Thanks! Mind checking my answers and 'tidying them up' to fit the question?
a) f(x) = (1+2x)^-1/4
by the chain rule
f'(x) = -1/2(1+2x)^-5/4
f''(x) = 5/4(1+2x)^-9/4
f(0) = 1
f'(0) = -1/2
f''(0) = 5/4
b)
f(x) = sin(x^2)/x
by the chain rule and the product rule
f'(x) = 2cos(x^2) - f(x)
f''(x) = -4xsin(x^2) - f'(x)
f(0) = ..... wait I've been doing this wrong haven't I? f(0) doesn't exist. lol

#### Gwilim

While I'm waiting for a reply, more practice differentiating (I'm very rusty), these questions from a different years past paper:

1. The problem statement, all variables and given/known data

Find the first three non-zero terms of the Taylor expansion about zero in each of the following cases:
a) (1+x^2)^1/2
b) sin(2x)/x

2. The attempt at a solution

a)
f(x) = (1+x^2)^1/2
f'(x) = x(1+x^2)^-1/2
f''(x) = f'(x) - x^2(1+x^2)^-3/2

b)
f(x) = sin(2x)/x
f'(x) = 2cos(2x)/x - sin(2x)/x^2
f''(x) = -4sin(2x)/x - 4cos(2x)/x^2 - sin(2x)/x^3

#### Defennder

Homework Helper
You're right for the first part.

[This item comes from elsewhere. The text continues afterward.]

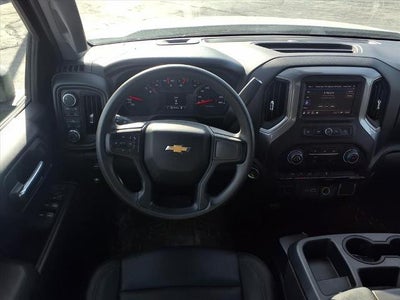 2023 Chevrolet Silverado 1500 WT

Just substitute the terms into the formulae given and you're done. Turns out that f(0) isn't defined for b), and neither does f'(0) and f''(0).

#### Gwilim

so what answer would I give for question b) in the exam? Would they still expect me to differentiate the expression twice for any marks though, even though a cursory glance shows that f(0) is not defined? Additionally, in a) of the second set of questions I posted, if I have differentiated correctly f'(0)=0 and f''(0)=0, so these are not non-zero terms in the Taylor expansion. Am I correct in assuming that further derivatives will also give 0 when x=0, and if so what answer would I give for this question?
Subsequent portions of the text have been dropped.